• Work to be completed: Please give the records below again in full, exactly, with the images left out.
##### Data to examine #####
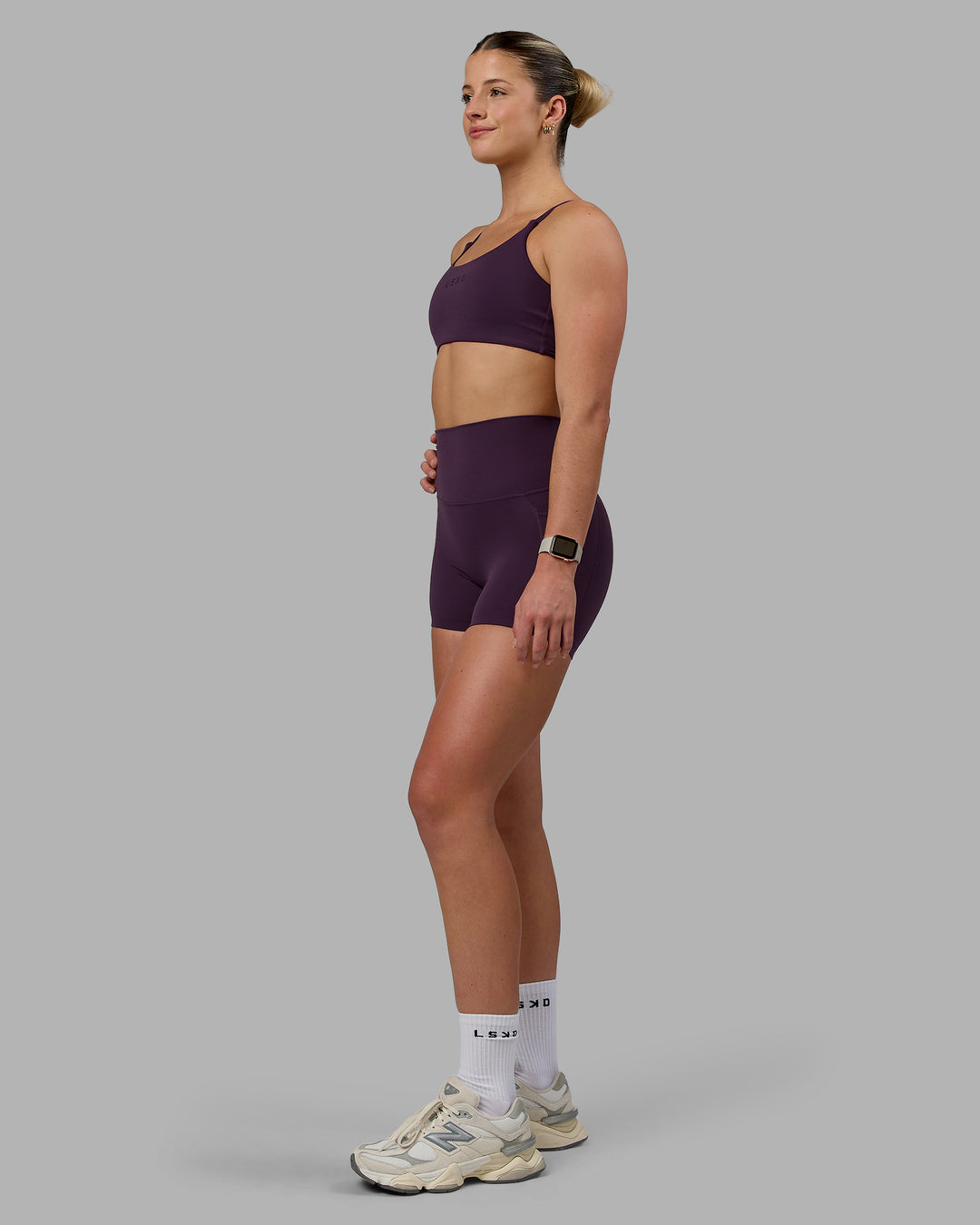 Woman wearing Elixir X-Short Tights With Pockets - Midnight Plum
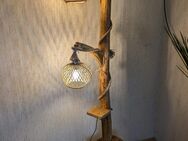 Designerlampe Wohnzimmerlampe Stehlampe Holzlampe - Mühlhausen (Täle)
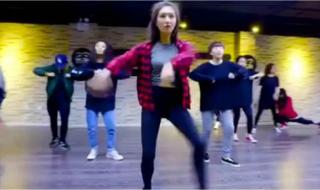 科目三跳舞. 科目三跳舞.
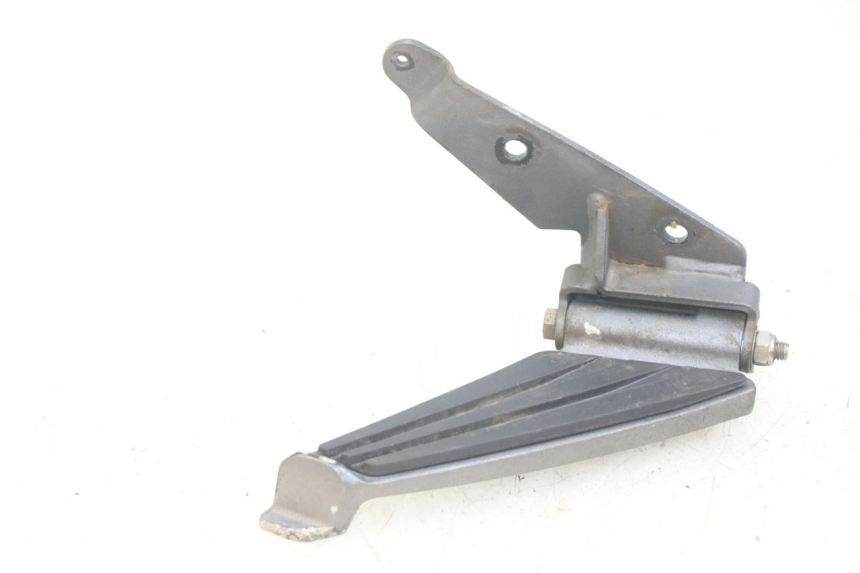 photo de FRONT RIGHT FOOTREST PEUGEOT GEOPOLIS RS 125 (2007 - 2009) - Main view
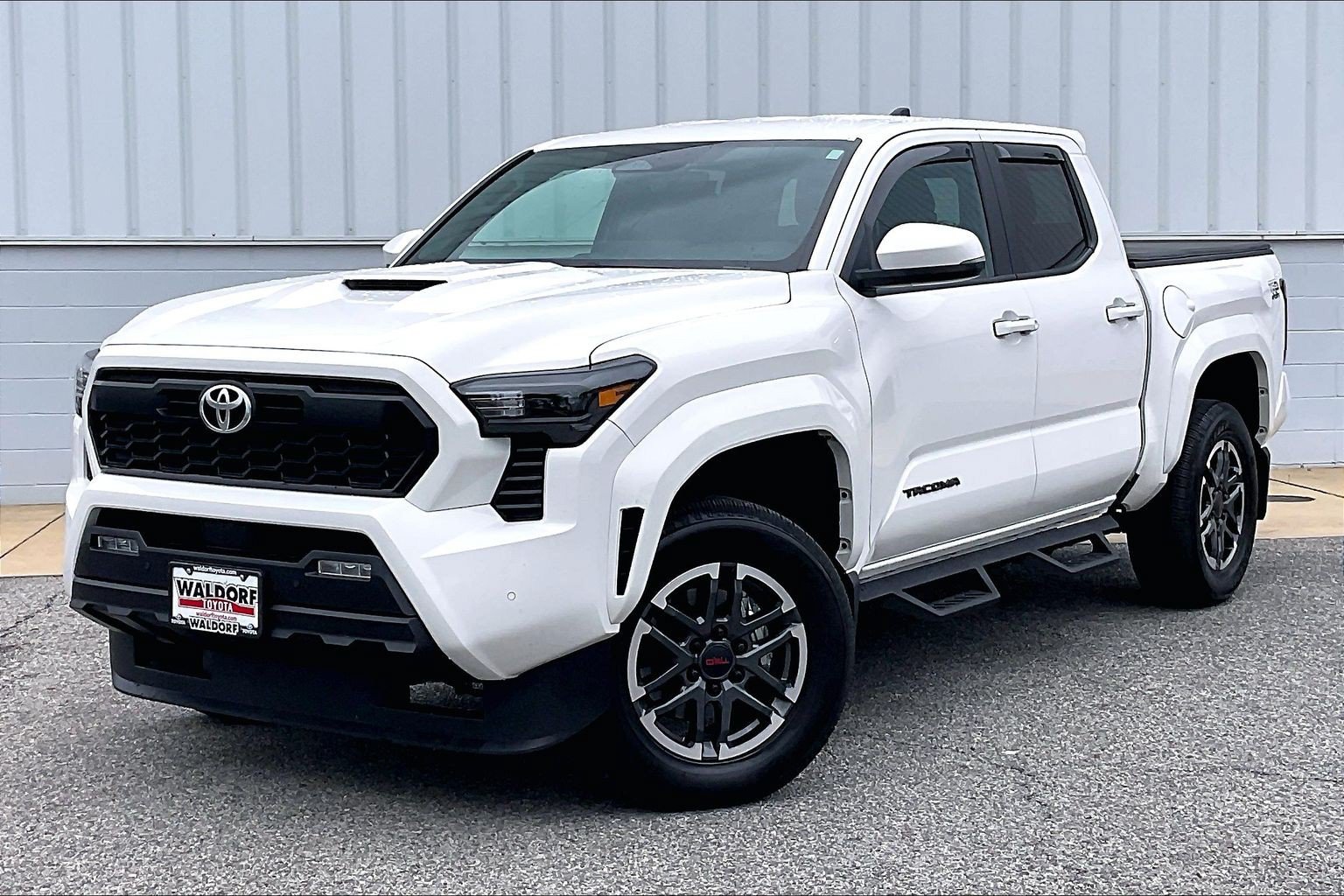 Used 2024 Toyota Tacoma TRD Sport w/ TRD Sport Upgrade Package AWD/4WD image 2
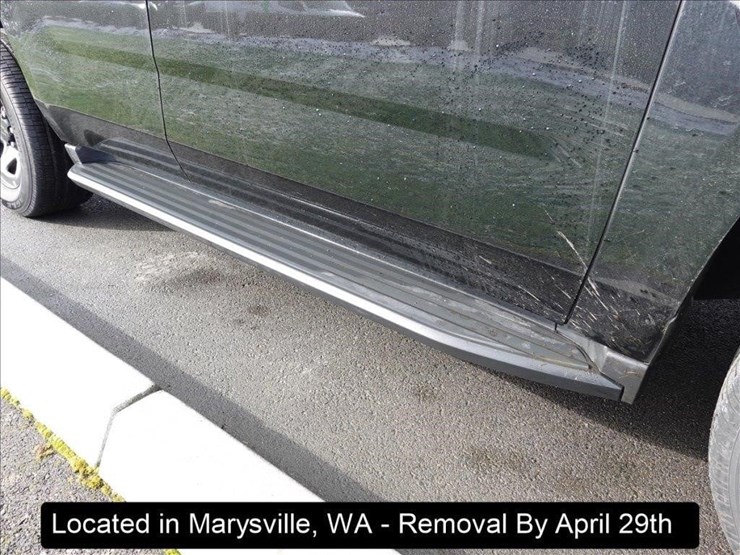 2017-chevrolet-tahoe-image-21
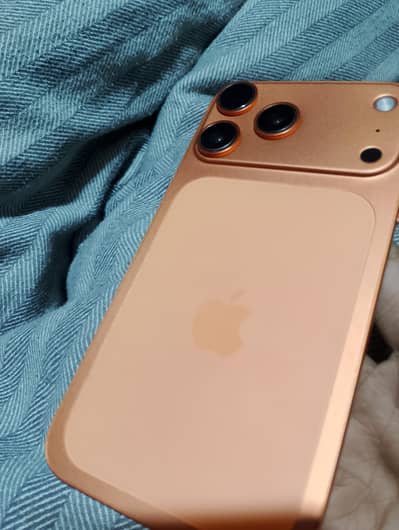 Iphone xr convert 17pro Jv Urgent sale ((03290056104))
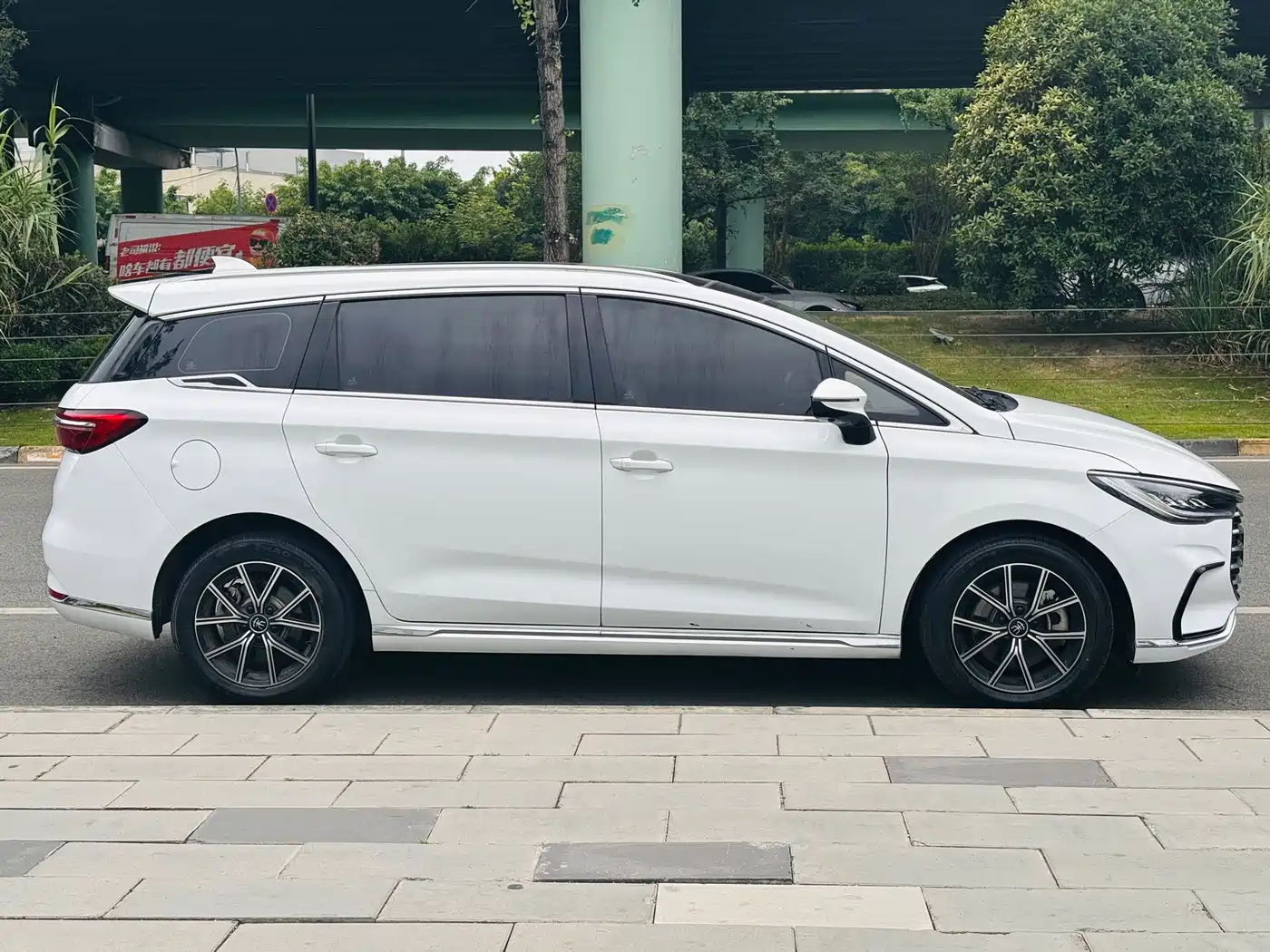 BYD Song MAX New Energy 2022 2022 DM-i 105KM Flagship Model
#####
• Output for this exercise:
 Woman wearing Elixir X-Short Tights With Pockets - Midnight Plum
 Designerlampe Wohnzimmerlampe Stehlampe Holzlampe - Mühlhausen (Täle)
 科目三跳舞. 科目三跳舞.
 photo de FRONT RIGHT FOOTREST PEUGEOT GEOPOLIS RS 125 (2007 - 2009) - Main view
 Used 2024 Toyota Tacoma TRD Sport w/ TRD Sport Upgrade Package AWD/4WD image 2
 2017-chevrolet-tahoe-image-21
 Iphone xr convert 17pro Jv Urgent sale ((03290056104))
 BYD Song MAX New Energy 2022 2022 DM-i 105KM Flagship Model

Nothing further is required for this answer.